TASK PROMPT - The required output is the whole listing below, unchanged.
%%
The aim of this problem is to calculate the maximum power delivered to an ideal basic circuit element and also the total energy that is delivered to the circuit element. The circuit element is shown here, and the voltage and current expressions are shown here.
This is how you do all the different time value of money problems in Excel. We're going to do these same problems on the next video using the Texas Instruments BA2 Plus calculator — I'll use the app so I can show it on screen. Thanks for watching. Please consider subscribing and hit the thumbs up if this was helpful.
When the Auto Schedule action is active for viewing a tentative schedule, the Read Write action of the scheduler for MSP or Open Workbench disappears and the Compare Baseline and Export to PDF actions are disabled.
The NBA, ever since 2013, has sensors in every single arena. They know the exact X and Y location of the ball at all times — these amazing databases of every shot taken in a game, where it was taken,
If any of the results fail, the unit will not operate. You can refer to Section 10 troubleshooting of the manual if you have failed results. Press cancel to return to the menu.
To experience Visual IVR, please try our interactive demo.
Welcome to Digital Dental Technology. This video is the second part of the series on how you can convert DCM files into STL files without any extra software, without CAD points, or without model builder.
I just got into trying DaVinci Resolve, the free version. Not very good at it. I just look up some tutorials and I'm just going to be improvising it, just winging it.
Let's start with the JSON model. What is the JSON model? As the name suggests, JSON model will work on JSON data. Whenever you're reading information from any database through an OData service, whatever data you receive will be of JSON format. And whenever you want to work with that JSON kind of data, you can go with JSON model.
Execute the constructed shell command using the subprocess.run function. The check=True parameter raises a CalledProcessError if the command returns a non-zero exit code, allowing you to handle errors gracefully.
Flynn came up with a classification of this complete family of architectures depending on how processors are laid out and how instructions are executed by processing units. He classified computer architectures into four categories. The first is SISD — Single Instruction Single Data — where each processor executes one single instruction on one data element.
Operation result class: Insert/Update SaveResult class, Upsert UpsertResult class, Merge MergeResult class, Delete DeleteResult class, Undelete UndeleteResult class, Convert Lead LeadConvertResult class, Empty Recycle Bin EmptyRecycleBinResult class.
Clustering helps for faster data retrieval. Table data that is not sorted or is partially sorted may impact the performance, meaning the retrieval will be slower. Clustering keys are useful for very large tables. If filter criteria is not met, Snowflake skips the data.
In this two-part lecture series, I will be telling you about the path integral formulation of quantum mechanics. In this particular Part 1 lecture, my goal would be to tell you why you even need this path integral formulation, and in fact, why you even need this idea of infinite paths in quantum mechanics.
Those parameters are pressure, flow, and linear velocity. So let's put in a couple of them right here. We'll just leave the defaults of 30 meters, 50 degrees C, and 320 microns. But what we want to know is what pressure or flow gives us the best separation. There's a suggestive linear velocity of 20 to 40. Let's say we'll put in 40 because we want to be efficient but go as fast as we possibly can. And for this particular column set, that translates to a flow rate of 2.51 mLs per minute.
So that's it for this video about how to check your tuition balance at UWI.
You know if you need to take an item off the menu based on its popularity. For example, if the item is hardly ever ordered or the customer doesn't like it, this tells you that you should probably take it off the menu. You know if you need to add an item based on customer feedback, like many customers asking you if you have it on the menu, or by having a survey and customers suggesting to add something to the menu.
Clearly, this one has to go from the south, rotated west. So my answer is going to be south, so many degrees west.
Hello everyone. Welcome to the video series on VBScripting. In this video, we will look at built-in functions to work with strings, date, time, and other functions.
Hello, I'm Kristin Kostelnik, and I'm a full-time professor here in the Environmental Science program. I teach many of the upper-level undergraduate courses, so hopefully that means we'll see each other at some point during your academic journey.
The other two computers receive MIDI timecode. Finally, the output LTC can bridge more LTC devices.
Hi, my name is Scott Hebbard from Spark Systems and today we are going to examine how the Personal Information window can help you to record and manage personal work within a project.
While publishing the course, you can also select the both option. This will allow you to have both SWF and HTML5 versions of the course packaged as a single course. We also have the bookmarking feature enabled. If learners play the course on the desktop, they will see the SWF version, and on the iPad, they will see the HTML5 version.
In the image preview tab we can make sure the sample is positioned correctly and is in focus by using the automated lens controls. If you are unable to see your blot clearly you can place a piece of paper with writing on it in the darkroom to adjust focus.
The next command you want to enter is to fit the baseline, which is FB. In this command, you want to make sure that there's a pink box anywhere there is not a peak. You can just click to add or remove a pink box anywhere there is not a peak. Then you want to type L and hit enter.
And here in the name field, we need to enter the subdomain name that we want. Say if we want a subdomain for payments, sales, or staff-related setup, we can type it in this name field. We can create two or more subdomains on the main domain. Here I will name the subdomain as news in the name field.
%%
RESULT OF THIS TASK -
The aim of this problem is to calculate the maximum power delivered to an ideal basic circuit element and also the total energy that is delivered to the circuit element. The circuit element is shown here, and the voltage and current expressions are shown here.
This is how you do all the different time value of money problems in Excel. We're going to do these same problems on the next video using the Texas Instruments BA2 Plus calculator — I'll use the app so I can show it on screen. Thanks for watching. Please consider subscribing and hit the thumbs up if this was helpful.
When the Auto Schedule action is active for viewing a tentative schedule, the Read Write action of the scheduler for MSP or Open Workbench disappears and the Compare Baseline and Export to PDF actions are disabled.
The NBA, ever since 2013, has sensors in every single arena. They know the exact X and Y location of the ball at all times — these amazing databases of every shot taken in a game, where it was taken,
If any of the results fail, the unit will not operate. You can refer to Section 10 troubleshooting of the manual if you have failed results. Press cancel to return to the menu.
To experience Visual IVR, please try our interactive demo.
Welcome to Digital Dental Technology. This video is the second part of the series on how you can convert DCM files into STL files without any extra software, without CAD points, or without model builder.
I just got into trying DaVinci Resolve, the free version. Not very good at it. I just look up some tutorials and I'm just going to be improvising it, just winging it.
Let's start with the JSON model. What is the JSON model? As the name suggests, JSON model will work on JSON data. Whenever you're reading information from any database through an OData service, whatever data you receive will be of JSON format. And whenever you want to work with that JSON kind of data, you can go with JSON model.
Execute the constructed shell command using the subprocess.run function. The check=True parameter raises a CalledProcessError if the command returns a non-zero exit code, allowing you to handle errors gracefully.
Flynn came up with a classification of this complete family of architectures depending on how processors are laid out and how instructions are executed by processing units. He classified computer architectures into four categories. The first is SISD — Single Instruction Single Data — where each processor executes one single instruction on one data element.
Operation result class: Insert/Update SaveResult class, Upsert UpsertResult class, Merge MergeResult class, Delete DeleteResult class, Undelete UndeleteResult class, Convert Lead LeadConvertResult class, Empty Recycle Bin EmptyRecycleBinResult class.
Clustering helps for faster data retrieval. Table data that is not sorted or is partially sorted may impact the performance, meaning the retrieval will be slower. Clustering keys are useful for very large tables. If filter criteria is not met, Snowflake skips the data.
In this two-part lecture series, I will be telling you about the path integral formulation of quantum mechanics. In this particular Part 1 lecture, my goal would be to tell you why you even need this path integral formulation, and in fact, why you even need this idea of infinite paths in quantum mechanics.
Those parameters are pressure, flow, and linear velocity. So let's put in a couple of them right here. We'll just leave the defaults of 30 meters, 50 degrees C, and 320 microns. But what we want to know is what pressure or flow gives us the best separation. There's a suggestive linear velocity of 20 to 40. Let's say we'll put in 40 because we want to be efficient but go as fast as we possibly can. And for this particular column set, that translates to a flow rate of 2.51 mLs per minute.
So that's it for this video about how to check your tuition balance at UWI.
You know if you need to take an item off the menu based on its popularity. For example, if the item is hardly ever ordered or the customer doesn't like it, this tells you that you should probably take it off the menu. You know if you need to add an item based on customer feedback, like many customers asking you if you have it on the menu, or by having a survey and customers suggesting to add something to the menu.
Clearly, this one has to go from the south, rotated west. So my answer is going to be south, so many degrees west.
Hello everyone. Welcome to the video series on VBScripting. In this video, we will look at built-in functions to work with strings, date, time, and other functions.
Hello, I'm Kristin Kostelnik, and I'm a full-time professor here in the Environmental Science program. I teach many of the upper-level undergraduate courses, so hopefully that means we'll see each other at some point during your academic journey.
The other two computers receive MIDI timecode. Finally, the output LTC can bridge more LTC devices.
Hi, my name is Scott Hebbard from Spark Systems and today we are going to examine how the Personal Information window can help you to record and manage personal work within a project.
While publishing the course, you can also select the both option. This will allow you to have both SWF and HTML5 versions of the course packaged as a single course. We also have the bookmarking feature enabled. If learners play the course on the desktop, they will see the SWF version, and on the iPad, they will see the HTML5 version.
In the image preview tab we can make sure the sample is positioned correctly and is in focus by using the automated lens controls. If you are unable to see your blot clearly you can place a piece of paper with writing on it in the darkroom to adjust focus.
The next command you want to enter is to fit the baseline, which is FB. In this command, you want to make sure that there's a pink box anywhere there is not a peak. You can just click to add or remove a pink box anywhere there is not a peak. Then you want to type L and hit enter.
And here in the name field, we need to enter the subdomain name that we want. Say if we want a subdomain for payments, sales, or staff-related setup, we can type it in this name field. We can create two or more subdomains on the main domain. Here I will name the subdomain as news in the name field.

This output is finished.